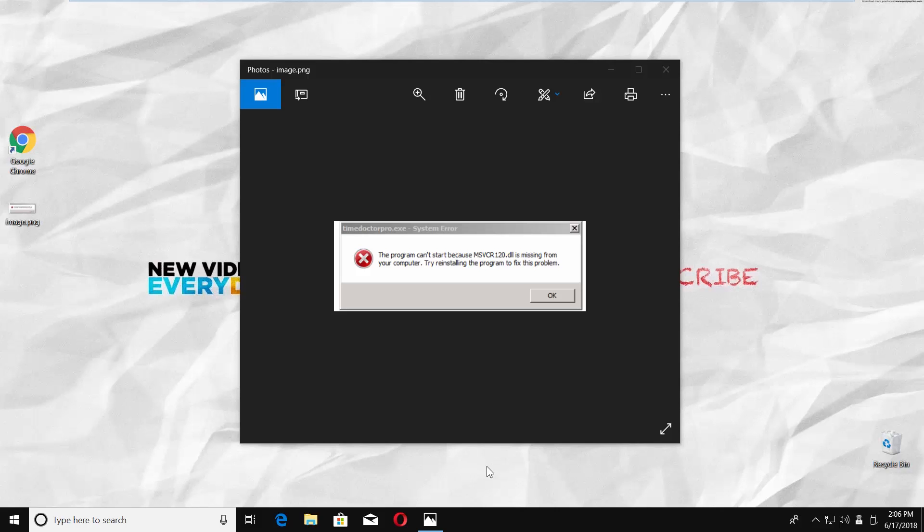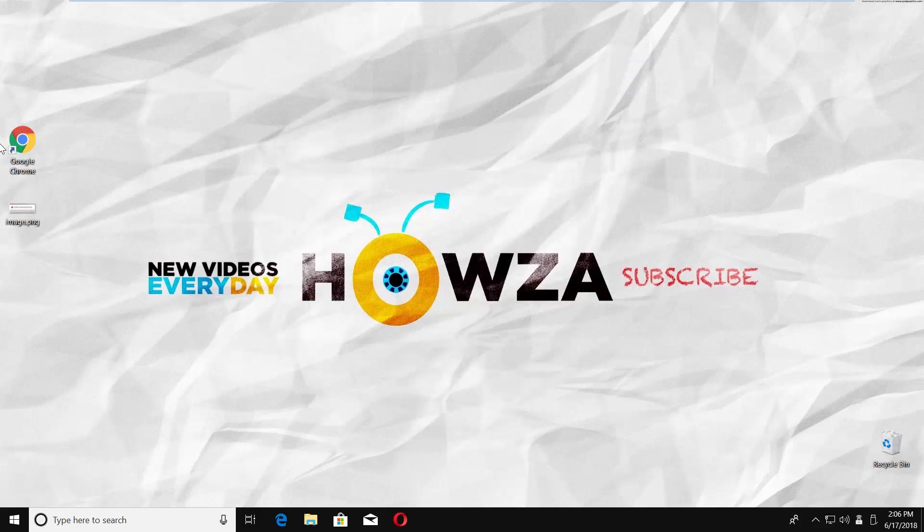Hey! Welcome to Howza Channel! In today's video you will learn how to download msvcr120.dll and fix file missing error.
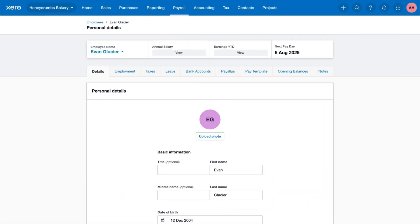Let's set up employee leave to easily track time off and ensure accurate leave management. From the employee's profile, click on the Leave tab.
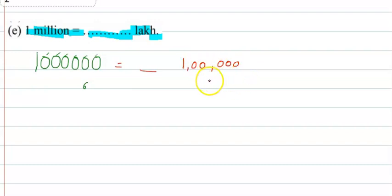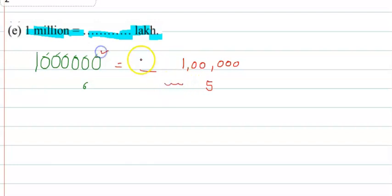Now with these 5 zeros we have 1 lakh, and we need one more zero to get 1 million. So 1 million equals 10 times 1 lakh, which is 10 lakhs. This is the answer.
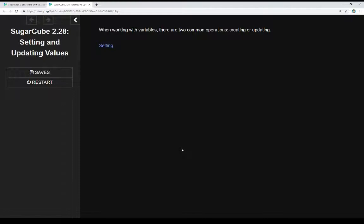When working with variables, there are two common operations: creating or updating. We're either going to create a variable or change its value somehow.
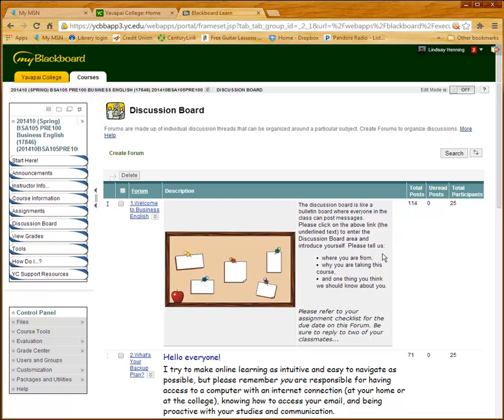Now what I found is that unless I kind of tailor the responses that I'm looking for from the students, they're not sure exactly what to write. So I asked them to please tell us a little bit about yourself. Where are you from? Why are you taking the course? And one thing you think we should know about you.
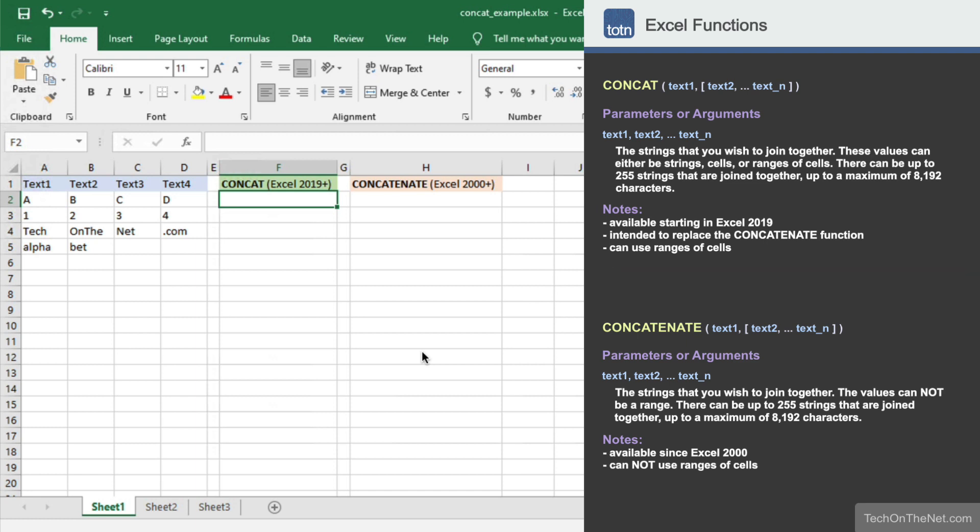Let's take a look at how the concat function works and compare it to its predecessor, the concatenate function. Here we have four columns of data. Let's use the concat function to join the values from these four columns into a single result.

Exercise details:
Transcribe every record exactly and omit each image.

Output of the exercise:
Hey! Welcome to Howza Channel! In today's video you will learn how to download msvcr120.dll and fix file missing error.
Let's set up employee leave to easily track time off and ensure accurate leave management. From the employee's profile, click on the Leave tab.
Now with these 5 zeros we have 1 lakh, and we need one more zero to get 1 million. So 1 million equals 10 times 1 lakh, which is 10 lakhs. This is the answer.
When working with variables, there are two common operations: creating or updating. We're either going to create a variable or change its value somehow.
Now what I found is that unless I kind of tailor the responses that I'm looking for from the students, they're not sure exactly what to write. So I asked them to please tell us a little bit about yourself. Where are you from? Why are you taking the course? And one thing you think we should know about you.
Let's take a look at how the concat function works and compare it to its predecessor, the concatenate function. Here we have four columns of data. Let's use the concat function to join the values from these four columns into a single result.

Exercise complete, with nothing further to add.